Lost during much of Shaw's lifetime, the diaries surfaced after the war in a bombed warehouse, and were partially transcribed by his long-time secretary, Blanche Patch, in the years before Shaw's death at 94 in 1950. After that, New York scholar Stanley Rypins, self-taught in shorthand, attempted a fuller version, and the first annotations. Now Stanley Weintraub, one of the leading scholars on G.B.S. and his times, has completed, with the aid of a team of shorthand specialists, the definitive transcription of the Shavian shorthand, complete to the last ha'penny noted.
The G.B.S. diaries, as now annotated, are a lens with which to examine "radical" intellectual life in the London of the 1880s and 1890s. We not only meet Shaw striving daily to make something of himself; we also encounter the people on the fringes as well as within the vortex of radical politics in late- Victorian England. Through Shaw the journalist and critic, successively, of books, arts, music, and theater, we confront the writers and books; artists and art; composers, instrumentalists, singers, and conductors, and their music; plays, players, and playwrights of his time--a cross-section of late-Victorian culture.
We also learn what it costs to buy a newspaper, get a haircut, ride the Underground, secure a cheap dinner, express a letter, go to the opera, take a lady to tea, rent ice skates, attend a music hall, tip a lavatory attendant or a crossing sweeper, indulge a beggar, replace a typewriter ribbon, visit Madame Tussaud's, use a coin machine for chocolates, black a pair of boots, mail a postcard, cross the Channel, ascertain one's weight, move a piano, give a Christmas present to one's mistress's maid, join the Fabian Society, subscribe to a magazine, reward the loser at a boxing match, lunch on bread and cheese, repair an umbrella, sit in the pit at Drury Lane, drink a shandygaff, and purchase an alarm clock. We also learn about Shaw's bedtimes (accompanied and unaccompanied), mealtimes (hasty and vegetarian, with only breakfasts at home), and his crowded life of conflicting appointments and activities, often so overlapping as to cause him to miss many of them.
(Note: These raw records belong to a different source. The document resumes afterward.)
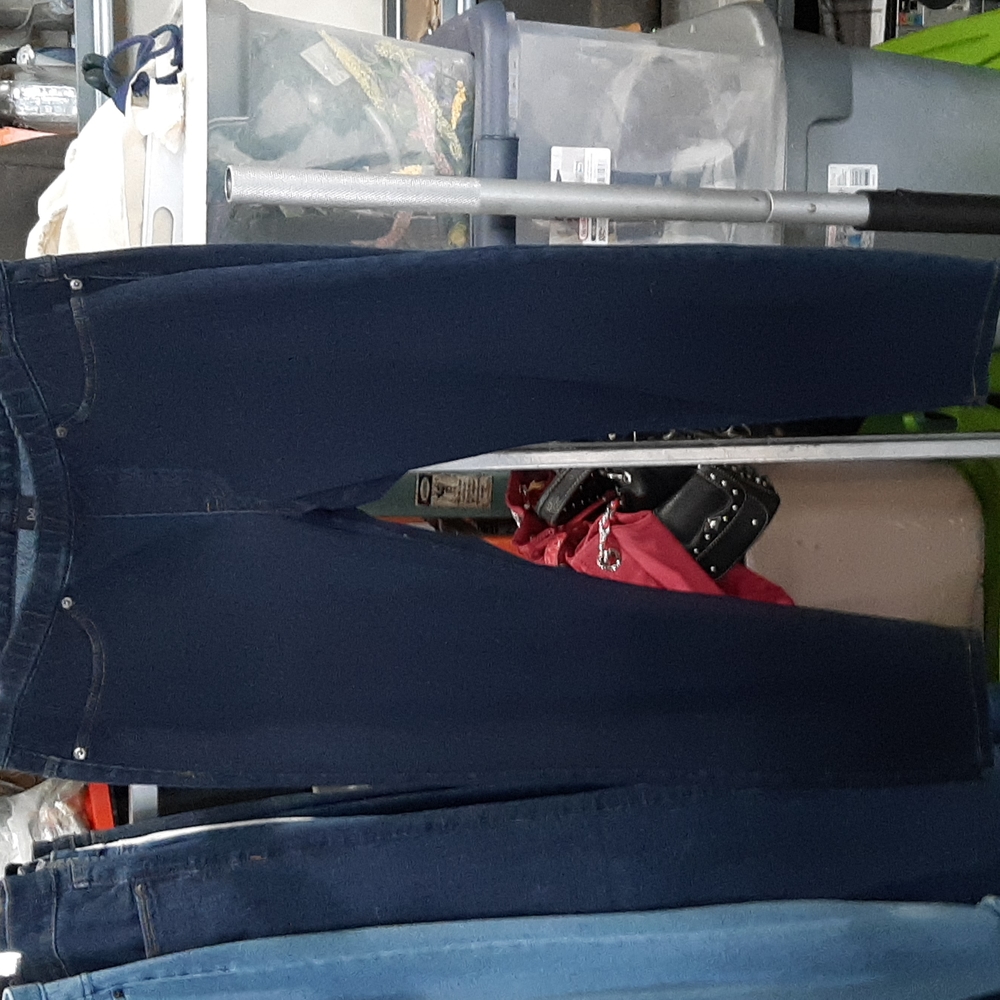HUE Capris Size Medium
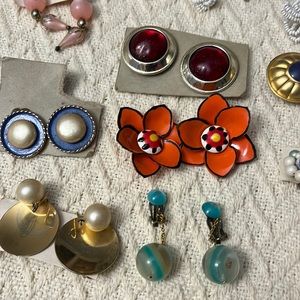 Vintage clip earrings lot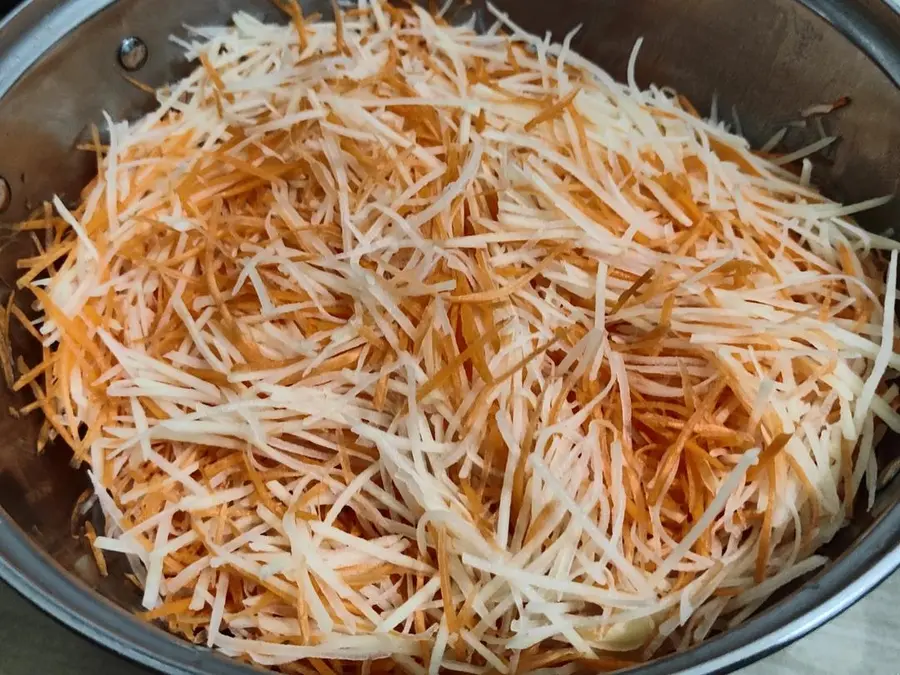 Vegan - Crisp carrots, shredded potatoes step 0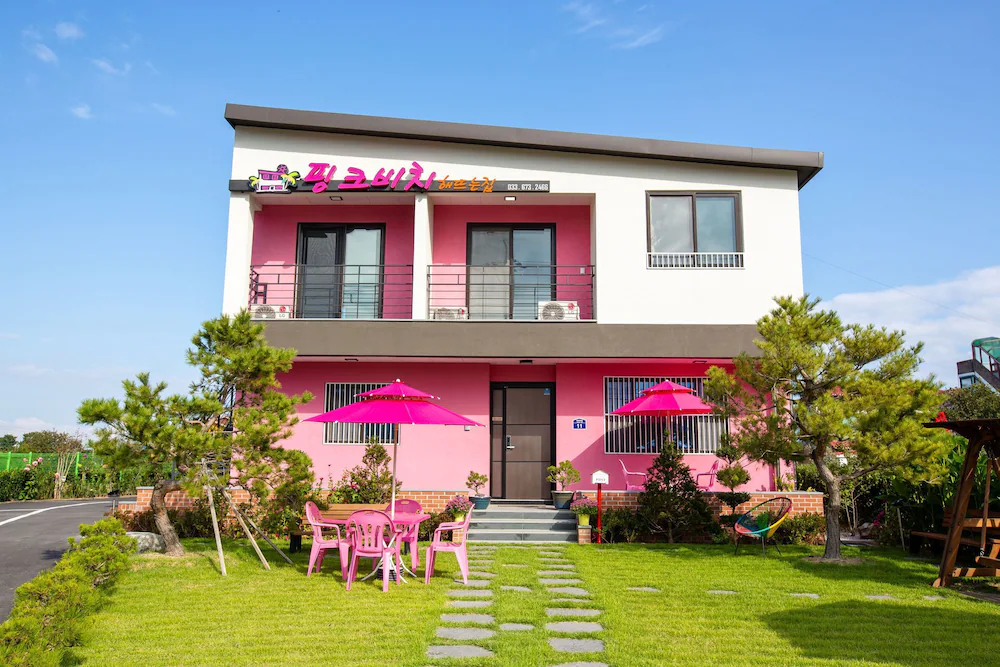 Pink Beach Pension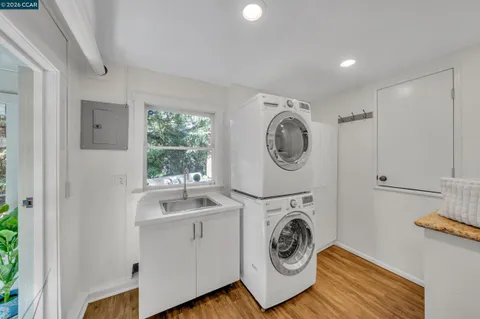 $998,000 | 2633 Chelsea Drive, Oakland, CA 94611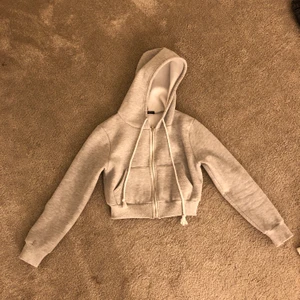 Zip up hoddie  - En jätteskön croppad zip up hoddie från shein aldrig använd🥰 nypris 150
He needed a wife only to manage his life, and as the diary fades out he has become a compulsively active playwright and has begun to be interested in the woman soon to be Mrs. Bernard Shaw.
Other diary and notebook fragments include Shaw's earliest family memories as well as an abortive attempt to begin a mid-war diary in 1917.
All of the manuscripts utilized are available in facsimile in a microfiche companion to the two-volume edition of the Diaries.